◆ EXERCISE OBJECTIVE ◆
In the records below, take the line with "Estudio de un monumento" and all lines after it, and copy them exactly, pictures excluded.

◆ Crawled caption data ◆
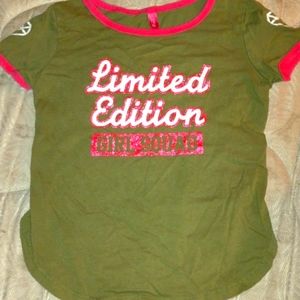 Desiree little girl "limited edition girl squad" tee shirt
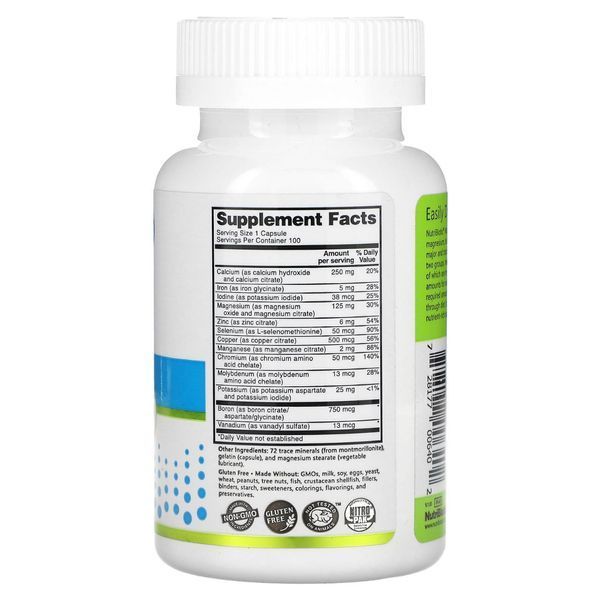 Мультимінеральна добавка 100 капсул NutriBiotic 728177006402 фото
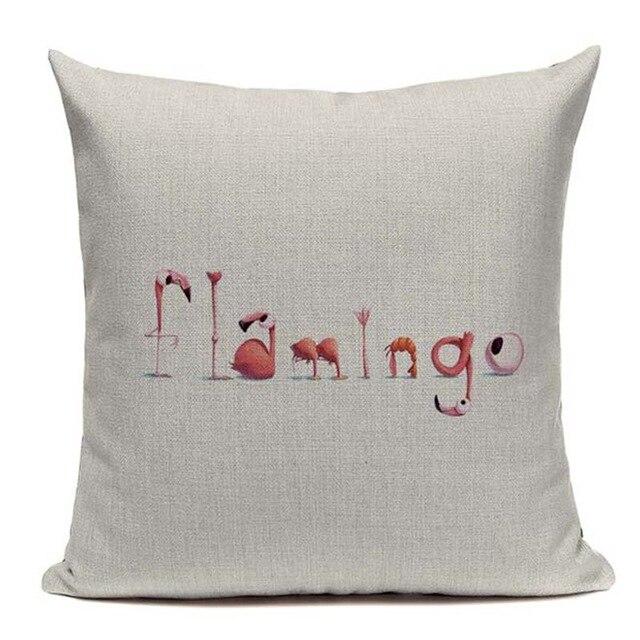 Coussin Flamingo
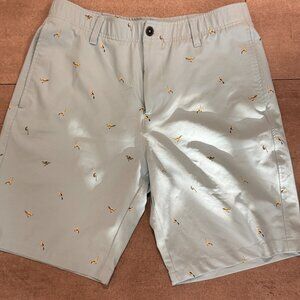 Under Armour Blue Khaki Shorts w/ Bird Print Size 34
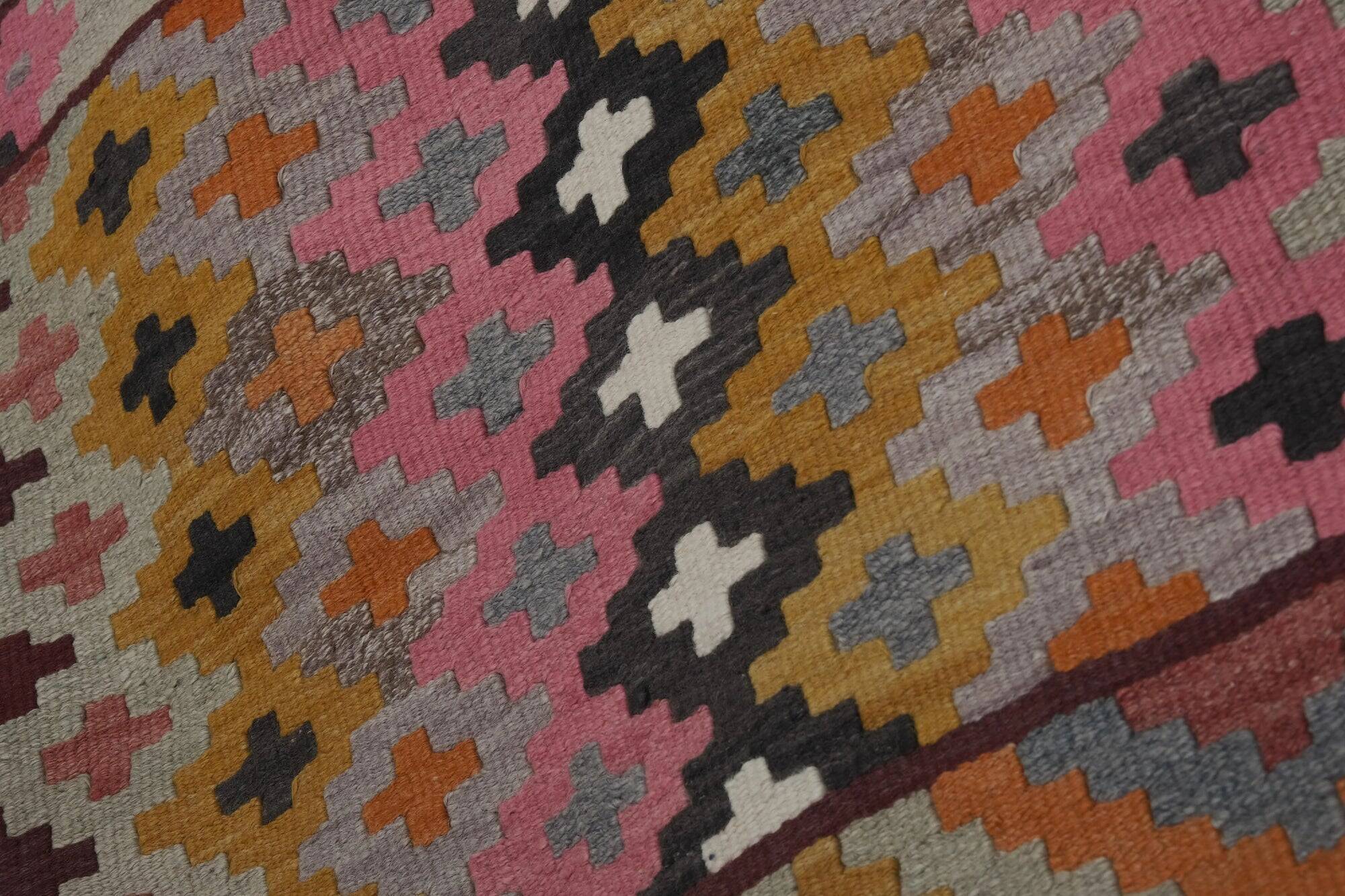 Vintage Turkish hallway rug 77x454 cm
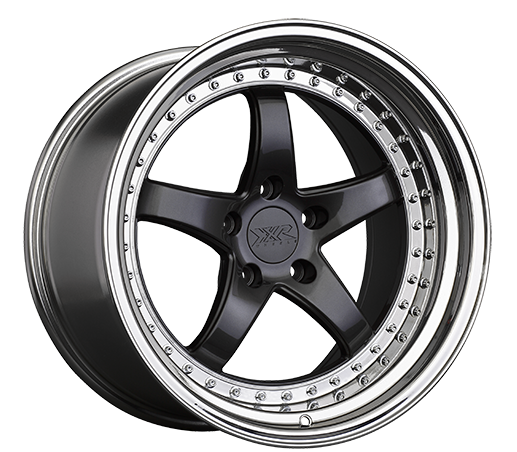 XXR 565 Wheel Graphite / Platinum Lip 20x9 +20 5x4.5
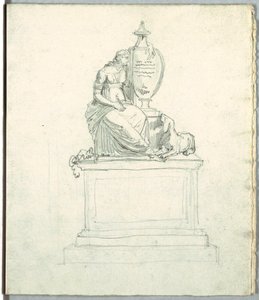 Estudio de un monumento funerario y estudio de un friso de Felice Giani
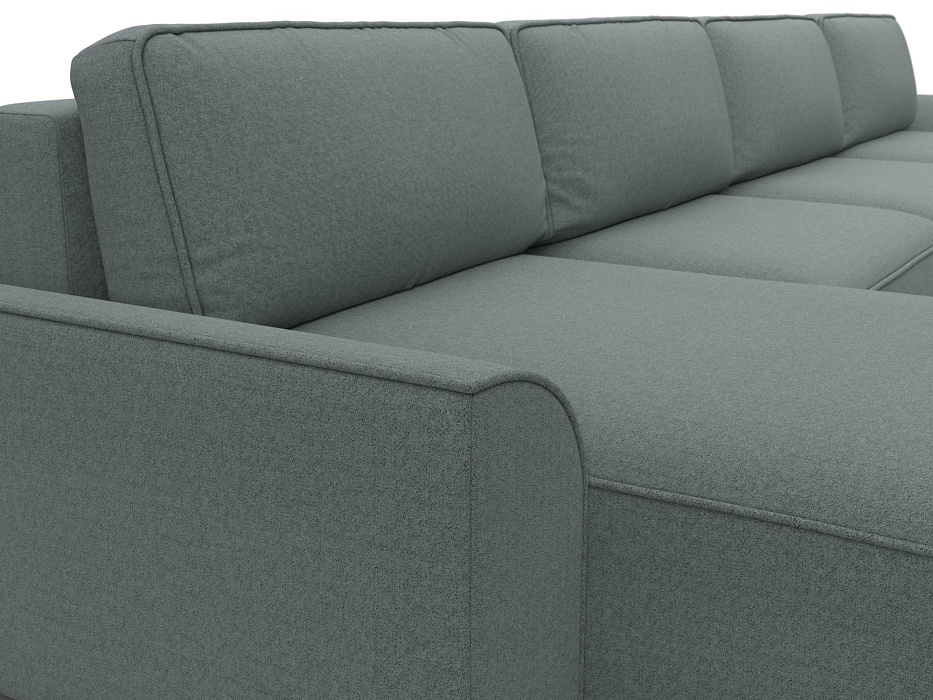 Диван П-образный Лига-048 НПБ лонг (амур 07 серый)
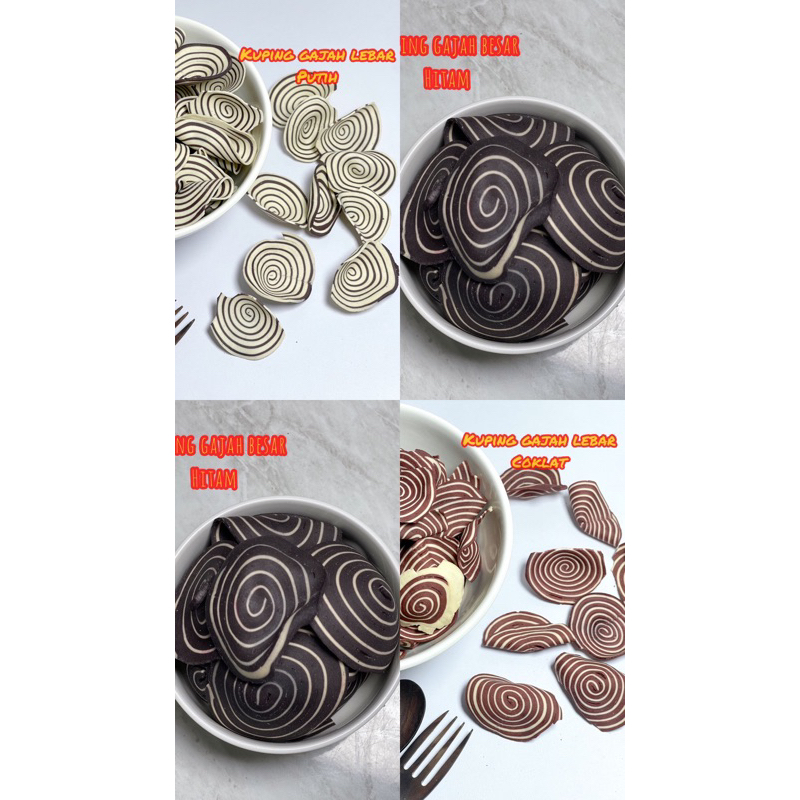 Jual Kuping Gajah Lebar Putih Hitam Coklat Gr Kg Shopee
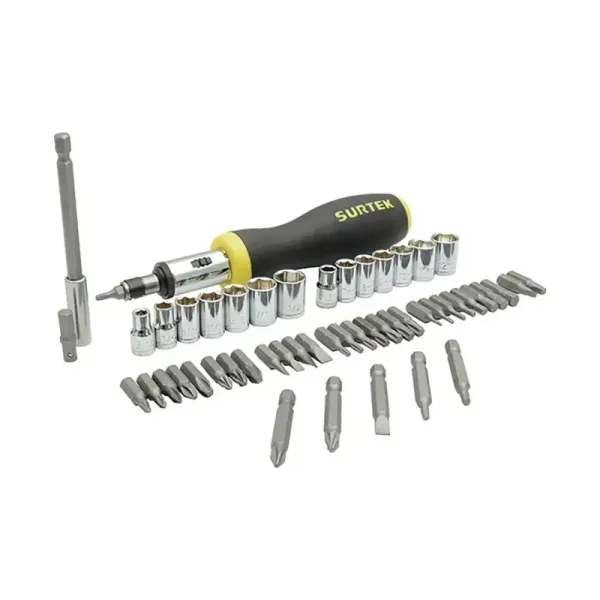 Juego 52 Puntas Y Accesorios Con Copas Tipo Ratchet Surtek (PFC52)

◆ ANSWER BOX ◆
 Estudio de un monumento funerario y estudio de un friso de Felice Giani
 Диван П-образный Лига-048 НПБ лонг (амур 07 серый)
 Jual Kuping Gajah Lebar Putih Hitam Coklat Gr Kg Shopee
 Juego 52 Puntas Y Accesorios Con Copas Tipo Ratchet Surtek (PFC52)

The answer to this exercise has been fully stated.